That little no-name guitar, poor in quality, tarnished with age, provided me with an opportunity to fall in love with the world of music. And, in a contributing way, helps to support our family and encourage me in my pursuit of the arts to this very day.
My father and mother saw this investment opportunity, took the risk, and said, “Yes.” That $10.00 has earned thousands of dollars more. And more importantly, it has enriched my life and the lives of persons moved by the music I have produced. I will always be grateful that my parents were willing to encourage me on this path. There was no guarantee of success, or return.
You can never tell about an investment.
I think of this, too, as I get older. And I consider my parents and the lives they lived. Each of us is just a small instrument, imperfect, flawed, and aging daily. We long to grow beautiful with age, we hope to possess the aura that comes from established character.
What will our value be?
A great deal has been invested in each of us, hasn’t it?

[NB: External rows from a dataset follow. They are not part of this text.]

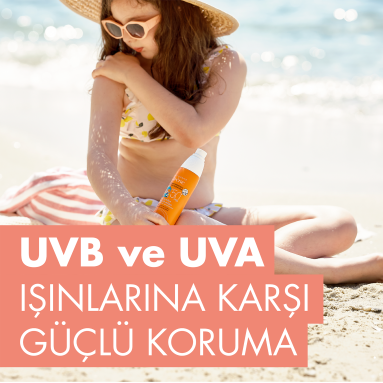 Avene Çocuklar için Güneşten Koruyucu SPF 50+ Vücut Spreyi 200 ml - Suya ve Terlemeye Dayanıklı, Nazik Formülüyle Çocuklar İçin Güneş Koruyucu
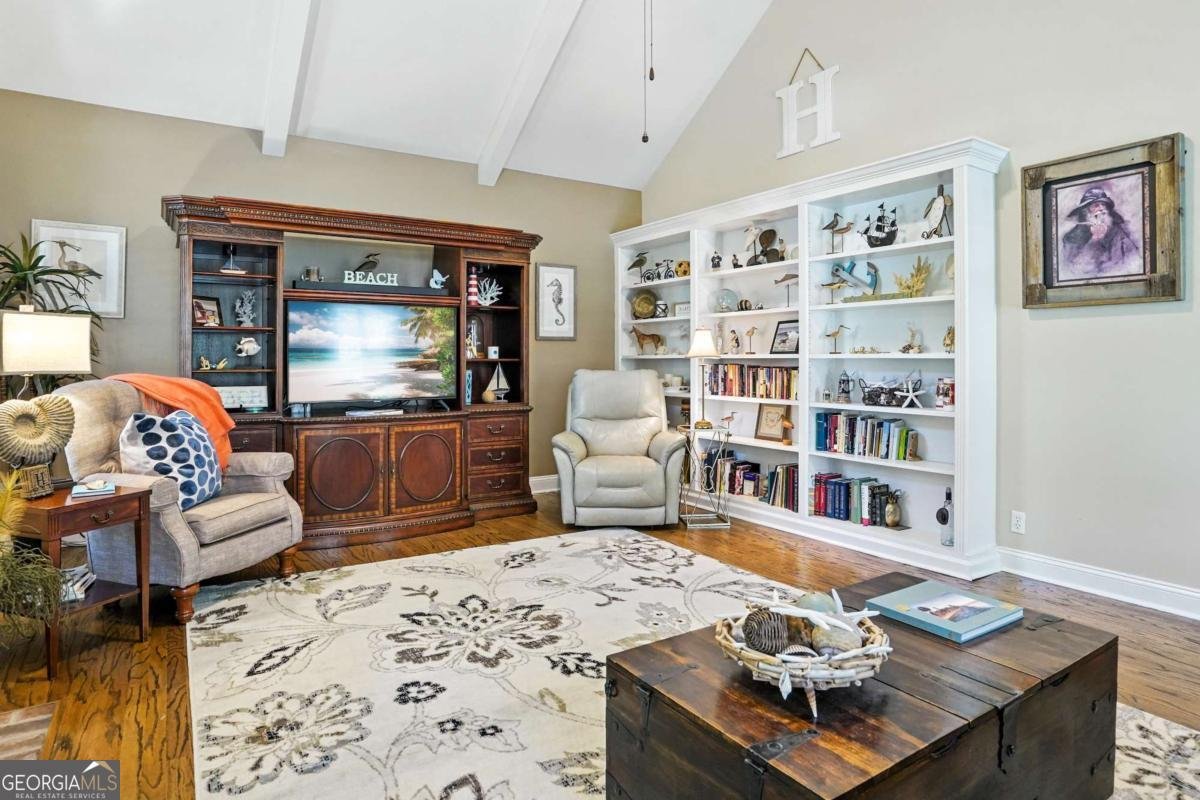 202 Vassar Point Drive St. Simons - 20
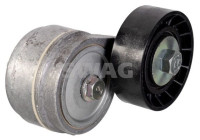 belt tensioner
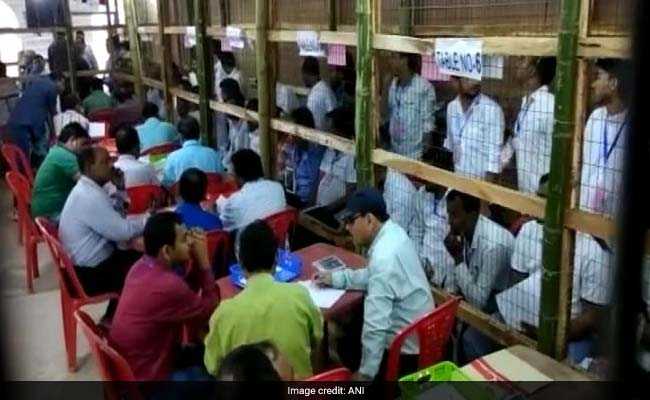 उम्मीदवारों को कोरोना वैक्सीन के दोनों टीके लगने के बाद ही मतगणना केंद्र में प्रवेश मिलेगा या फिर...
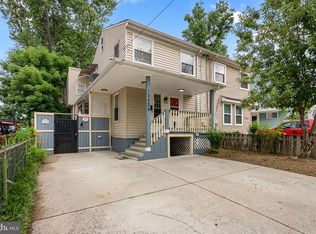 12220 Centerhill St, Silver Spring, MD 20902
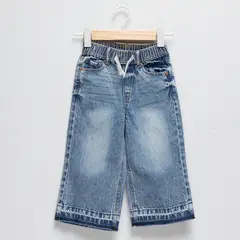 YAMP - Jeans Bebé Niña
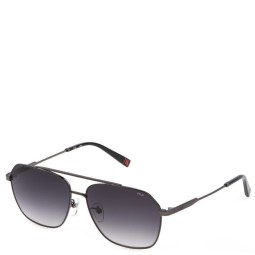 Очки солнцезащитные Fila SFI216 gun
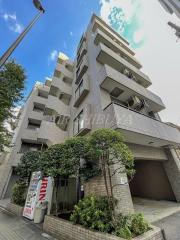 ガーラ駒沢大学
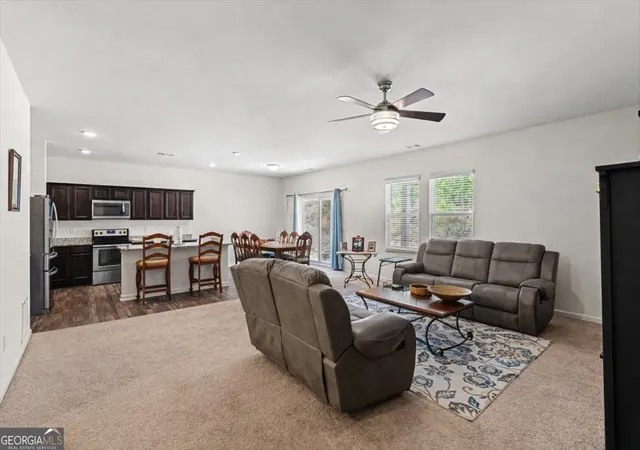 Homes for sale in Douglasville, GA | 7246 Lacey Dr, Douglasville, GA 30134 | MLS# 10704230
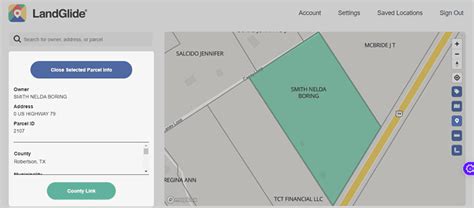 Image result for Google Map My Property Line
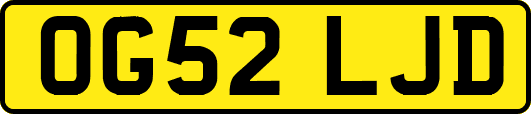 OG52LJD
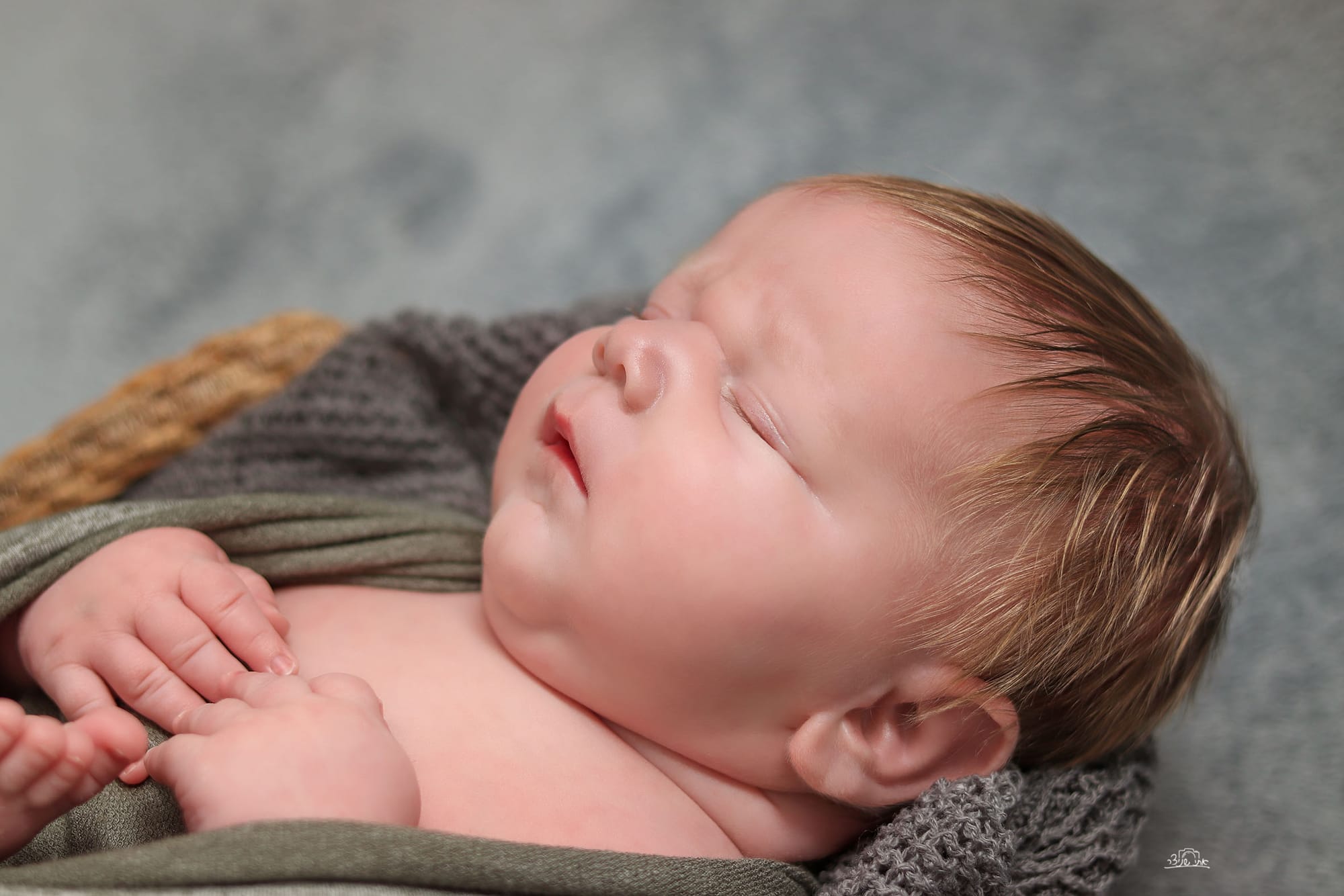 צילומי ניו בורן מרגשים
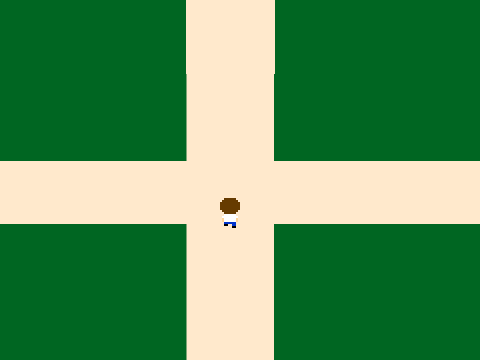 RPG Engine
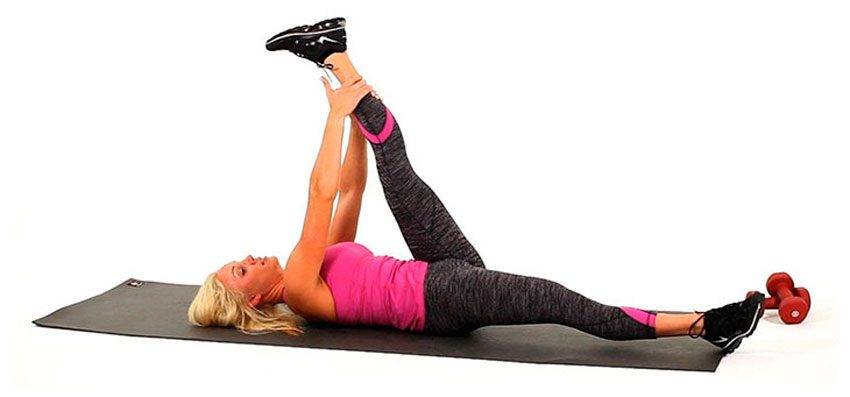 Как улучшить растяжку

If the market soars, if the currency rises in value, if the price of gold increases, we expect a good return on investment.
If we put stock in our lives and the lives of those around us, there will be a return as well.

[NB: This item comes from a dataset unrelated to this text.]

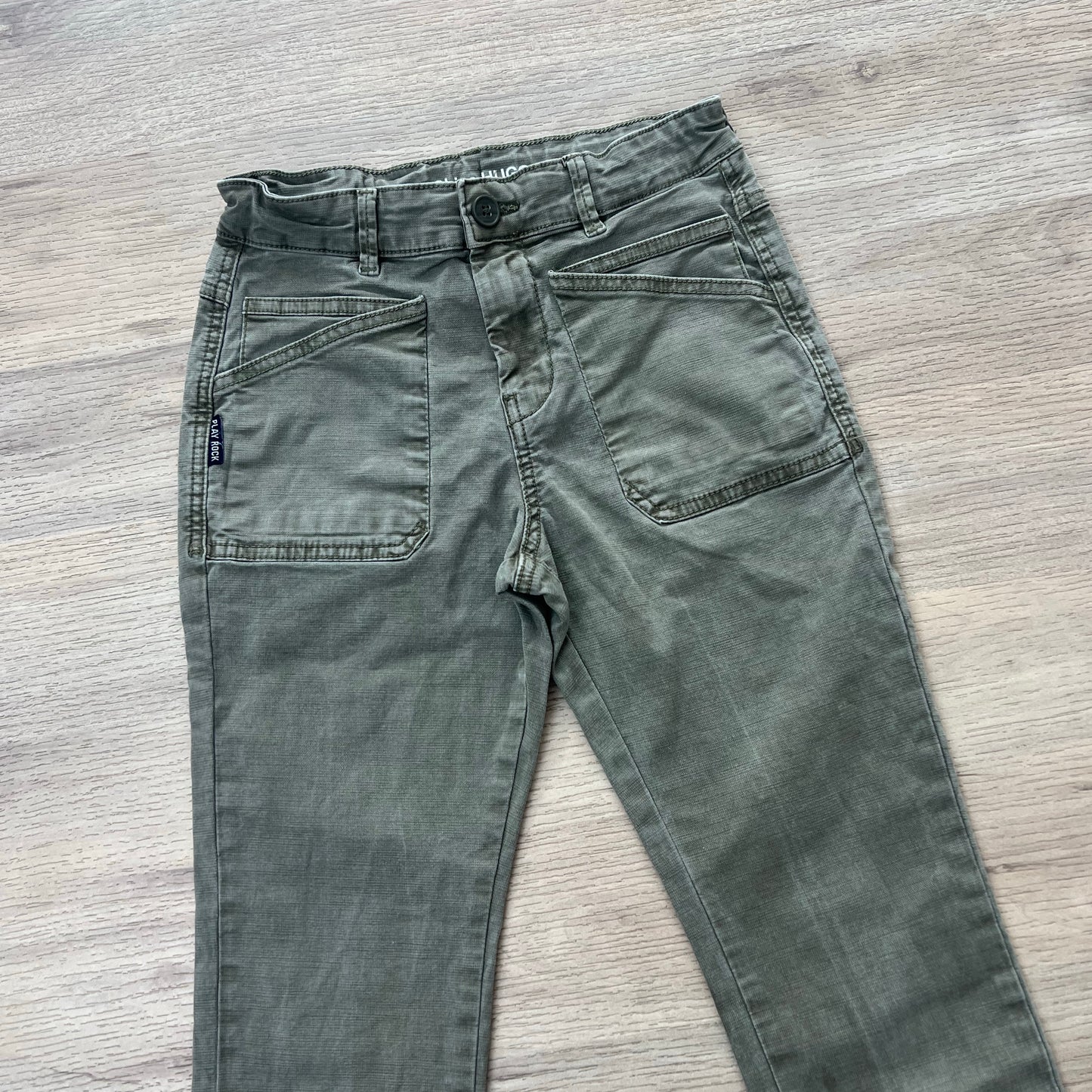 Pantalon Chino Hugo Tape à l'oeil : 10 ans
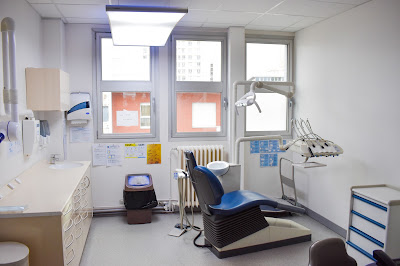 Avec Mon Centre de Santé à Paris 13 à Paris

Our own personal patina. Like my first guitar.
Thank you so much for the accolades; your encouragement means a great deal.
I’ll sum it up by saying I believe any investment your parents made in you, your guitar and otherwise, has netted a wonderful return in the man that you are. Your musical ability, and your teaching, example, and friendship have been an inspiration to so many, including me. Love you, my friend.
Reminds me of the Parable of the Talents too. Good..keep writing!
Thank you, Sandy.
Love this. Priceless is right.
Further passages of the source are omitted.